Cécile Coulon dans son plus beau rôle : poétesse.

Dans ses poèmes, Cécile Coulon nous parle de la vie, un peu à la façon de Raymond Carver, dont d'ailleurs elle reconnait l'influence. Pour elle, les situations les plus insignifiantes (comme boire une bière après une journée de travail), les gens les plus banals (le cinquantenaire divorcé), les paysages les plus communs (ainsi un bête mur de palissade se retrouve comme sujet de cantique) sont prétexte à poésie.

Mais il surtout question d'humanité :

« Je me promène parmi les miens et je ne les comprends pas ;

Dans leur maison, la nuit, au-dessus de leur lit,
Ils tracent au plafond deux colonnes : ce qui est bien d'un côté,
Ce qui est mal de l'autre.

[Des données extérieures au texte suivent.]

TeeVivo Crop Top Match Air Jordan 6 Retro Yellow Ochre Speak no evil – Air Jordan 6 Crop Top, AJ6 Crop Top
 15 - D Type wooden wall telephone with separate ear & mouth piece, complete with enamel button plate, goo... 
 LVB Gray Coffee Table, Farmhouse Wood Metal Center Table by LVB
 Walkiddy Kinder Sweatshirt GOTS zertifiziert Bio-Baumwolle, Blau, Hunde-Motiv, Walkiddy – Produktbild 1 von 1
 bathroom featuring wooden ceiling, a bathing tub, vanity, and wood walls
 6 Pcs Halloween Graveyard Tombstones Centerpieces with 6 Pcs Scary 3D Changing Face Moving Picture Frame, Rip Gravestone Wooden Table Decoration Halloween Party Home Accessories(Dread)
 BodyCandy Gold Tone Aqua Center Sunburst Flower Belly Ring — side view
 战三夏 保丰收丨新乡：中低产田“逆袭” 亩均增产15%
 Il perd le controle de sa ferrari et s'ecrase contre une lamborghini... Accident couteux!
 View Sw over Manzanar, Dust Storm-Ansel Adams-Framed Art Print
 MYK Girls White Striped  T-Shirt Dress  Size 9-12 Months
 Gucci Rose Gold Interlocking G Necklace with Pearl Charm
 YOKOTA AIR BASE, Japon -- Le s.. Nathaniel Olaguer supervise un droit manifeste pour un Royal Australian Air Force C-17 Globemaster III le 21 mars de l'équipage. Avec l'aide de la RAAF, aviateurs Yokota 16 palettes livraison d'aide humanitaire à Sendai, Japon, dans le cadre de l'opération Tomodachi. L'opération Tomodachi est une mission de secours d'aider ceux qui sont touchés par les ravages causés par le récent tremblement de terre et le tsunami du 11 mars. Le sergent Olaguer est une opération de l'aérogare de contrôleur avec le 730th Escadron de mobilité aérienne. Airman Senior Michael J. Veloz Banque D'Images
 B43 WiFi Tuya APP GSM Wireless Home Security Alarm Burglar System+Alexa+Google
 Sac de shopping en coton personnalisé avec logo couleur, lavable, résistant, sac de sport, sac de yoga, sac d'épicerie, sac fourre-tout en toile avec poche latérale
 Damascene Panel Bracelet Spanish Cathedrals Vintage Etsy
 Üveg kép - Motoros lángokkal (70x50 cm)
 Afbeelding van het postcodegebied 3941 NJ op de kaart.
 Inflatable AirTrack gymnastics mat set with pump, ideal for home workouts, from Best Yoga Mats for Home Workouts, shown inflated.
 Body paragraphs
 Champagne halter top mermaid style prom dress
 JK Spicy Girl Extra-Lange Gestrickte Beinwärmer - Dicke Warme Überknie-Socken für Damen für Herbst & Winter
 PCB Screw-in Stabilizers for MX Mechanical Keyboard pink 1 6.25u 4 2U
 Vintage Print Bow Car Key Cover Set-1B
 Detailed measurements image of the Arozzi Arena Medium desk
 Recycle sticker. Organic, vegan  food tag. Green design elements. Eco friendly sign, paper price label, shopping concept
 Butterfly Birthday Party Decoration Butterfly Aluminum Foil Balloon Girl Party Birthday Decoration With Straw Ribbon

Ils rangent leurs gestes, leurs paroles,
Leurs pensées dans l'une ou l'autre de ces colonnes
Puis ils peinent à s'endormir, fixant ce plafond blanc,
Les yeux écarquillés, sans penser une seconde à rajouter
Une troisième colonne intitulée : ce qui est humain. »

Elle nous dit « Ils ne savent pas dehors que les toits des mauvaises tuiles abritent des palaces d'amour », car oui parler de la vie, c'est aussi et avant parler d'amour. Alors elle s'interroge « depuis quand est-ce devenu ringard d'être amoureux ? ».

Cécile Coulon écrit sur l'amour avec beaucoup de délicatesse, toute en modestie et en discrétion, ainsi elle « ne reste pas longtemps pour ne pas peser sur [n]os épaules nues, pour ne pas prendre la place qui n'est pas la [s]ienne ». Elle « aime en silence pour protéger ce qui est vrai » et « se cache derrière ses poèmes, parce qu'ils sont plus forts qu'elle ».

Une autre influence, c'est Sylvia Plath :

« Nous sommes si nombreux à nous taire
Quand de vives émotions nous déshabillent
Pour nous laisser là, nus et grelottant d'insécurité.
Nous sommes si nombreux à nous taire
Quand nous ne savons plus comment faire :
Personne ne nous a appris ce que cela signifie
D'être ravagé par la lumière. »

Ou encore :

« Comment faire pour choisir entre ce que je veux et ce que je dois :
Comment faire pour maintenir un pied brûlant
Dans une rivière glacée sans que l'eau ne perde
De sa fraîcheur et la peau de sa fièvre ?
Comment faire pour perdre et ne pas pleurer
D'avoir perdu ?
Comment faire pour apprendre que tomber
Est le meilleur moyen d'être au plus
Proche de cette terre,
Qui, elle,
Ne nous a jamais déçus ? »

La filiation avec Sylvia est moins évidente pour moi, même si on retrouve une certaine fragilité « un refus m'est atroce, les rares moments d'échec ont été suivis de journée plus longue qu'une mer sans vague ». Et de la colère, comme « je porte en moi les grandes violences de mon sang ». Et des paysages de landes et de solitude, de terres noires, de moutons et de brumes froides.

Cécile Coulon rejoint le panthéon de mes poètes préférées, entre Andrée Chedid, Sylvia Plath, Marina Tsvetaieva et Etel Adnan. Bravo, Madame.